Cuando comenzaba esta década, los políticos franceses, todos ellos, fuera cual fuera su afiliación ideológica, declararon abierta, en las negociaciones donde se fijaron para los años siguientes las reglas del juego del comercio mundial, la batalla de la excepción cultural contra Estados Unidos, e invitaron a todos los países europeos a unirse a Francia en el lado inteligente de la barricada. Su dinámita dialéctica era refinada y contundente, un proyectil amasado con sentido común y olfato para trazar con antelación las rutas del futuro en materia tan delicada, viva y frágil como es el cine y el vasto conglomerado del audiovisual, del que el cine tira y en el que ejerce funciones de locomotora del viejo tren del arte contemporáneo por excelencia, el arte de la imagen en movimiento, que en Europa, con excepción de Francia, apenas si puede avanzar, bloqueado como está en los pocos y estrechos caminos que le deja abiertos el colonialismo estadounidense en esta materia. Es, nada menos, la materia de la libertad de cada idioma y cada cultura para elaborar y extender por el mundo una imagen propia.Todos los políticos franceses están apiñados alrededor de la idea, formulada hace dos décadas por el ministro socialista Jack Lang, de que la producción de cine europeo ha tocado los bordes de la extinción y es urgente poner en marcha un entramado de medidas destinadas a frenar el dominio abrumador de las redes de distribución de películas de Hollywood en el mercado europeo. Es, para ello, imprescindible dar al cine y a toda su escolta audiovisual la consideración de materia cultural y sacarlo con el paraguas de la idea de excepción del juego de los poderes y contrapoderes que gobiernan los mercados. El cine no es un tractor, sino otra cosa que necesita otro tipo de gasolina para funcionar. El audiovisual, dijo por entonces Jacques Chirac, es un asunto demasiado importante para dejarlo a merced de la iniciativa privada. Una idea más que sorprendente dicha por un campeón del liberalismo económico.

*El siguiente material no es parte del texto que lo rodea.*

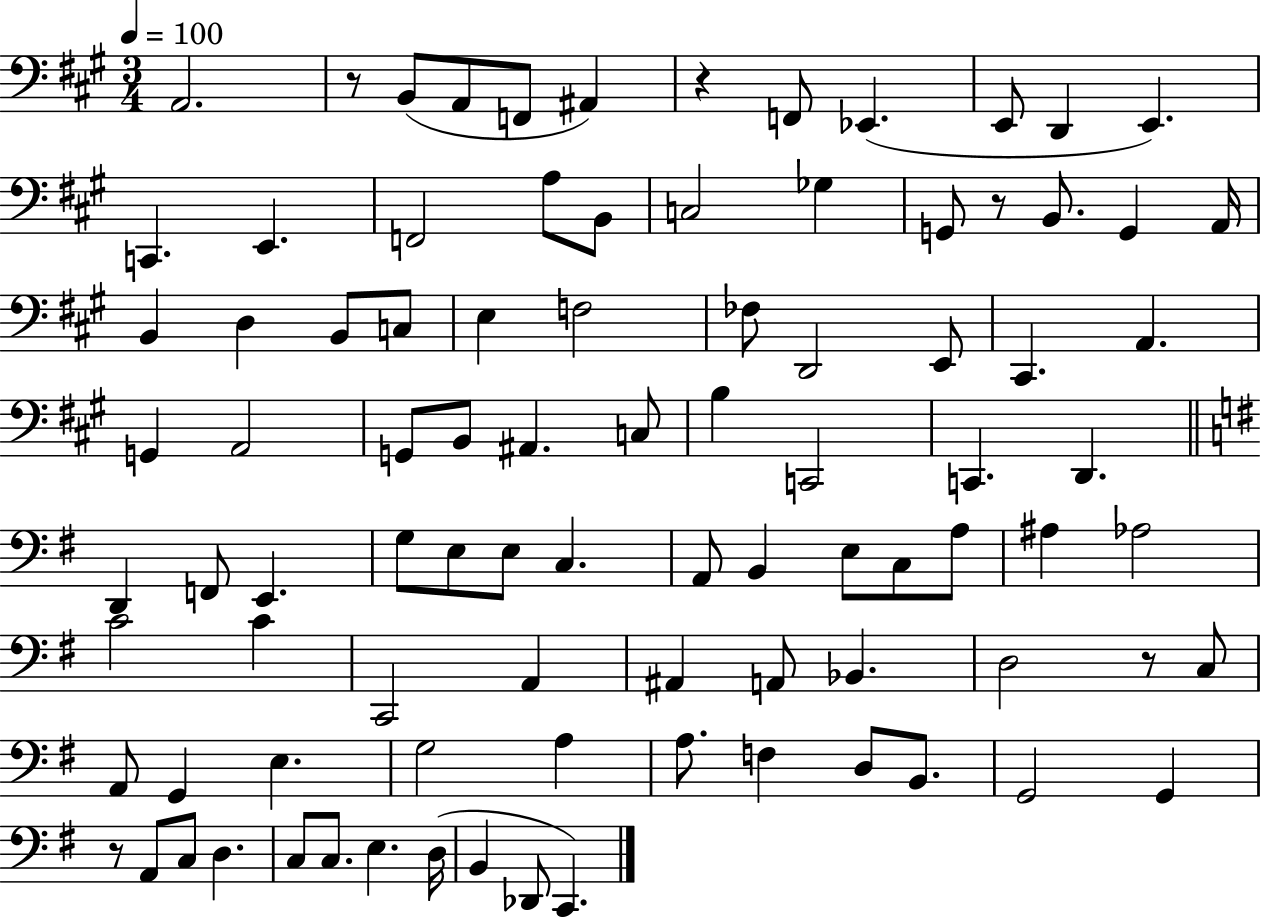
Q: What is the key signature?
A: A major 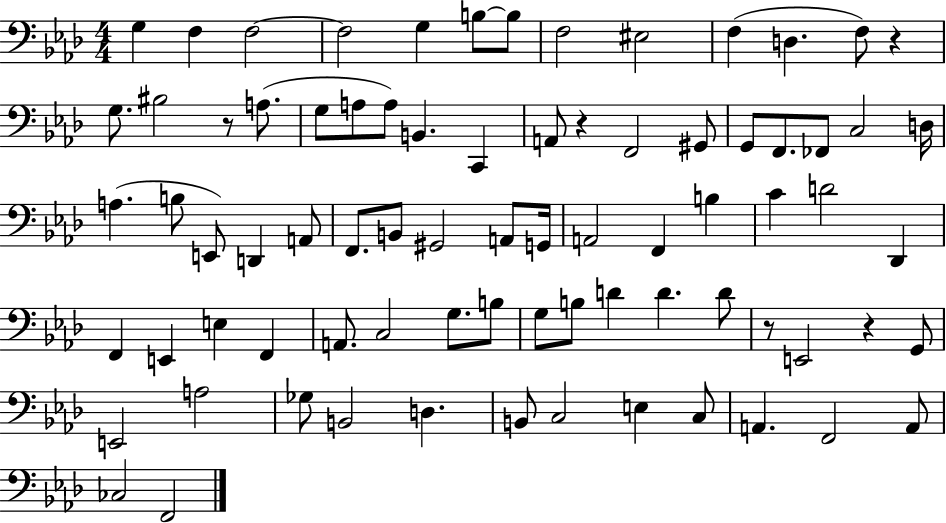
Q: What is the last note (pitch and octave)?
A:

Han pasado diez años de aquello y el resultado es visible en las aceras y en los neones de las fachadas de nuestras ciudades. El cine de Hollywood -no sólo el poco bueno que hacen allí, sino el malo, que además de mucho es el peor del mundo- sigue siendo dueño de ellas en toda Europa, salvo obviamente en Francia. La predicción era por tanto exacta y las medidas ideadas para evitarla, las adecuadas. Pero nadie salvo ellos las adoptó. En España aún está fresca la tinta de las palabras que el secretario Cortés pronunció hace tres o cuatro años con aires de petulante autosuficiencia en la Universidad de Santander: "No interesa a España la excepción cultural", es decir, no nos interesa declarar al cine lo que realmente es, cultura. Y añado yo por mi cuenta: que así declaramos mendigo al cine español y dejamos que se alimente con el mendrugo que le eche la mano caritativa de Hollywood, lo que es una condena a la indigencia perpetua.

Hace pocos días, Chirac estuvo aquí y volvió a la carga de la excepción cultural. Dijo: "Hay que decir no, decicidamente no a quienes conciben los productos culturales, sobre todo audiovisuales, como cualquier mercancía". No sé si Cortés andaba por allí, pero seguro que no se ruborizó. Y debió hacerlo, porque no hay nada serio y gallardo que hacer en este territorio salvo convertir a la excepción en norma.